Hot Off the Press: Cultivating Garden Style

This review appears in the July/August 2015 issue of Northern Gardener.

hot off the press imageIf you’re tired of being told exactly how to create the most beautiful containers or the most efficient compost piles, or how to grow the biggest, newest, weirdest edibles, you might consider leafing through Cultivating Garden Style.

The author, Rochelle Greayer, is a garden designer and writer who gardens in New England. There, she grows flowers and vegetables to sell in the local farmers’ market. She isn’t suggesting that you do that, however. Her goal for this book is, she says, for the reader to “discover the ways in which [your garden] can … provide an extraordinarily satisfying place for you to live, play, and become rejuvenated.”

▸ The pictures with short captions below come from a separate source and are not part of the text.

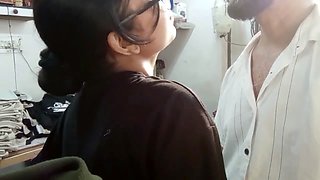 Indian desi stepdaughter-in-law gets romantic with her father figure in Hindi audio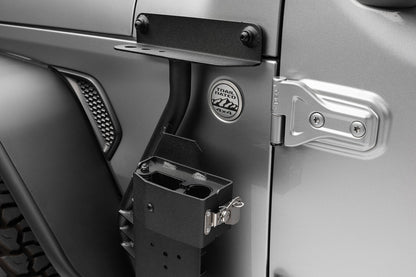 Exterior Jack Mount Textured Black 2018-2026 Jeep Wrangler JL 2/4 Door 2020-2025 Jeep Gladiator Go Rhino-3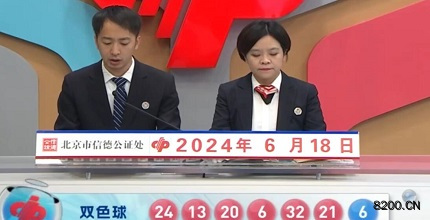第2024069期双色球开奖现场截图图片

Her method of providing this inspiration is eclectic, maybe even a bit frenetic, but never directive or dull. After a brief introduction, the book is grouped into four categories, Artifact, Lifestyle, Environment and World. Each category has five or six chapters; the World section, for example, includes Islamic, Scandinavian, Indian, Mexican, Low Country and Zen. Each chapter has five sections, including an example of the style in an actual garden.

Nearly every one of the 300-some pages has multiple colorful photos—everything from flower close-ups to the iconic Sound of Music mountaintop shot—sprinkled among informational or inspirational nuggets. The book concludes with an extensive list of names and websites of garden designers, artists and other vendors and an index.

While there are practical bites (path making, installing lights), the book is really a buffet. Graze and see what looks good to you.